Sorting maps by key with rewrite-clj
Eric Dallo asked me on Slack how he might sort a map by its keys using rewrite-clj.
Here's an initial naive stab at it. I typically reach for the zip API when solving a problem. Here I've opted to instead work with rewrite-clj nodes more directly to give me some rewrite-clj node exercise.
This initial work does not look at namespaced maps, but I assume that it will not be terribly complicated to support these as well.
{:deps {org.clojure/clojure {:mvn/version "1.10.3"}
rewrite-clj/rewrite-clj {:mvn/version "1.0.699-alpha"}
;; complient is used for autocompletion
;; add your libs here (and restart the runtime to pick up changes)
compliment/compliment {:mvn/version "0.3.9"}}}
Requires
(require
[rewrite-clj.zip :as z]
[rewrite-clj.node :as n])
Rules for sortability
What would make the current node in a zipper map-sortable? Eric and I thought the following rules are reasonable for a first crack:
must be a balanced map (rewrite-clj allows for unbalanced maps, ex {:a 1 :b})

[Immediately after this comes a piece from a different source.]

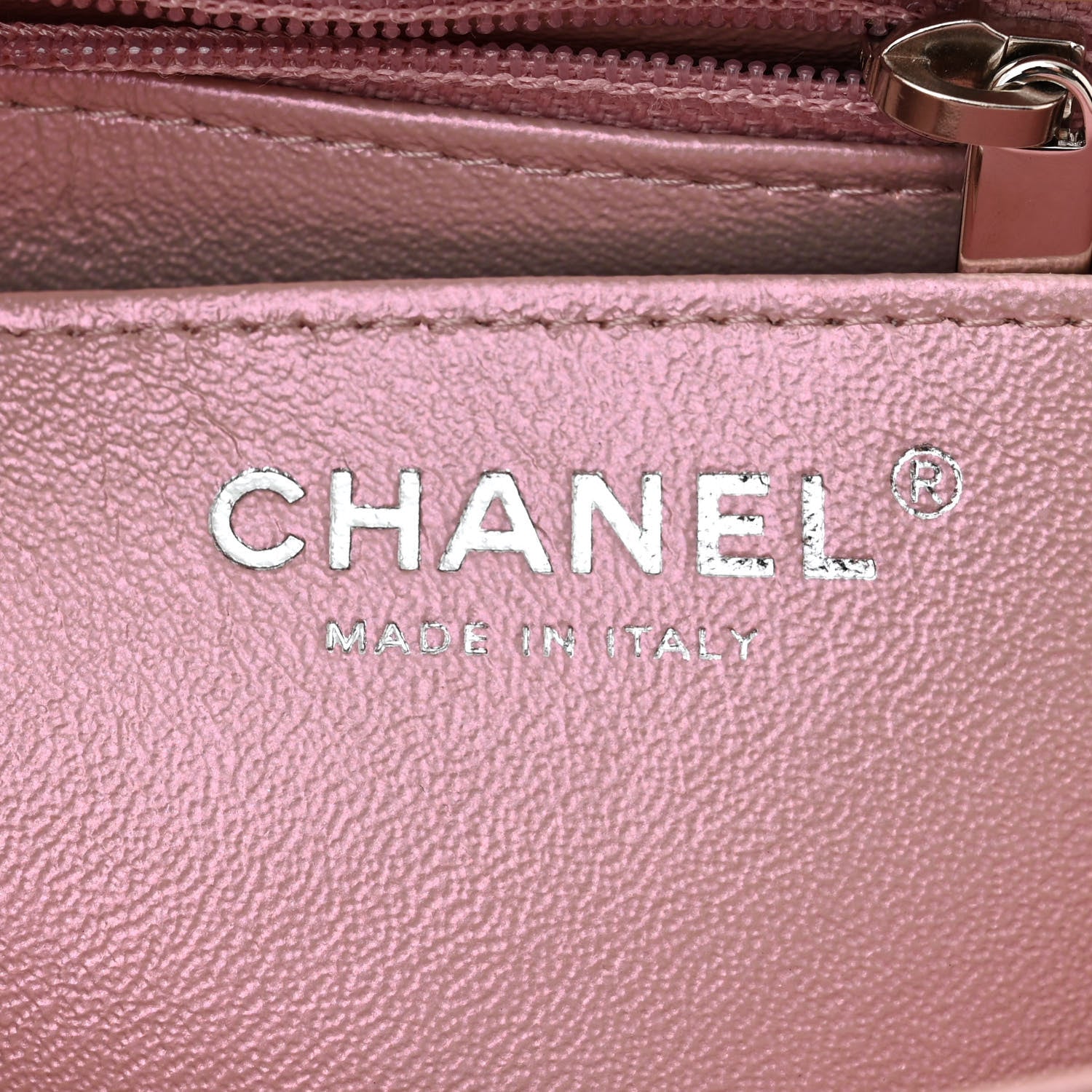 Chanel Iridescent Calfskin Quilted Mini Rectangular Flap Pink 6 of 11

cannot include discards, i.e. #_
Let's set up a function:
(defn sortable-map?
"A node is a candidate for sorting if it is a map that contains no discards, and has more than 0 key-value pairs"
[zloc]
(boolean
(and (= :map (z/tag zloc))
(not (z/find-tag (z/down* zloc) z/right* :uneval))
(-> zloc z/down)
(even? (->> zloc
z/down
(iterate z/right)
(take-while identity)
count)))))
A helper to analyze map child nodes
A helper function to analyze and partition map child nodes. We could maybe simplify/clean up after we finalize an approach.
(defn partition-map-children
"Partition and distinguish <k><other nodes>+<v>(<whitespace><comment>)* from <nodes outside key-value pair>+
[{:k <key-node> :s [<key-node> <other nodes> <value-node> <optionally trailing comment>]}
{:s [<space/comment nodes outside key-value pair>]}
{:k <key-node> :s [...]}]"
[map-children]
(loop [children map-children
k nil
aseq []
res []]
(let [n (first children)
t (when n (n/tag n))]
(cond
(nil? n)
(if (seq aseq)
(conj res {:s aseq})
res)
;; spaces and such
(some {t} [:comment :whitespace :comma :newline])
(if (and (= :comment t)
(not k)
(:k (last res))
(not (seq (filter (= :newline (n/tag %)) aseq))))
;; tack on found trailing comment nodes to last kv seq
(recur (rest children)
k
;; comments include newlines, imperfect to leave a compensating newline
;; but better than not leaving one..
[(n/newlines 1)]
(conj (vec (butlast res))
(merge-with concat (last res) {:s (conj aseq n)})))
(recur (rest children)
k
(conj aseq n)
res))
;; if we found a key, then we must be on a value
k
(recur (rest children)
nil
[]
(conj res {:k k :s (conj aseq n)}))
;; not key, so must be a value
:else
(recur (rest children)
n
[n]
(if (seq aseq)
(conj res {:s aseq})
res))))))
And our map sorter
(defn sort-map-by-key
"Return zloc with current map node sorted.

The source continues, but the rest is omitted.